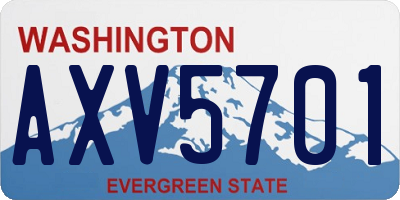 WA license plate AXV5701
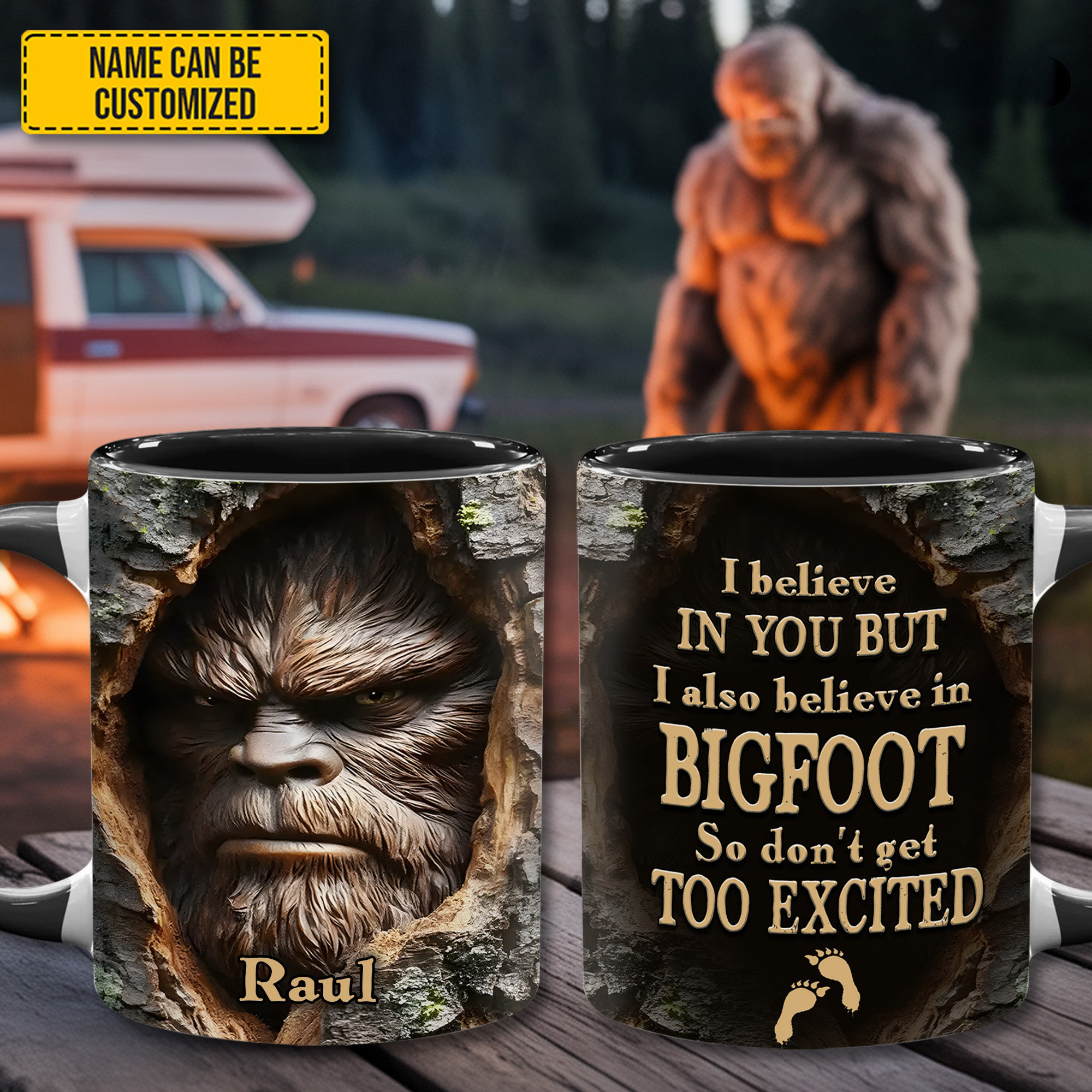 Personalized Bigfoot Mug I Believe In You And Bigfoot Animal Themed Gifts For Him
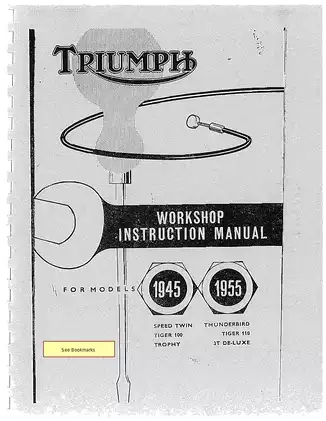 1945-1955 Triumph Speed Twin, Thunderbird, Tiger 100 and 110, Trophy, 3T Deluxe models workshop instruction manual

## WHAT THIS TASK INVOLVES
Write out the material above once more, word for word. Images stay out.

## WRITTEN ANSWER
 WA license plate AXV5701
 Personalized Bigfoot Mug I Believe In You And Bigfoot Animal Themed Gifts For Him
 1945-1955 Triumph Speed Twin, Thunderbird, Tiger 100 and 110, Trophy, 3T Deluxe models workshop instruction manual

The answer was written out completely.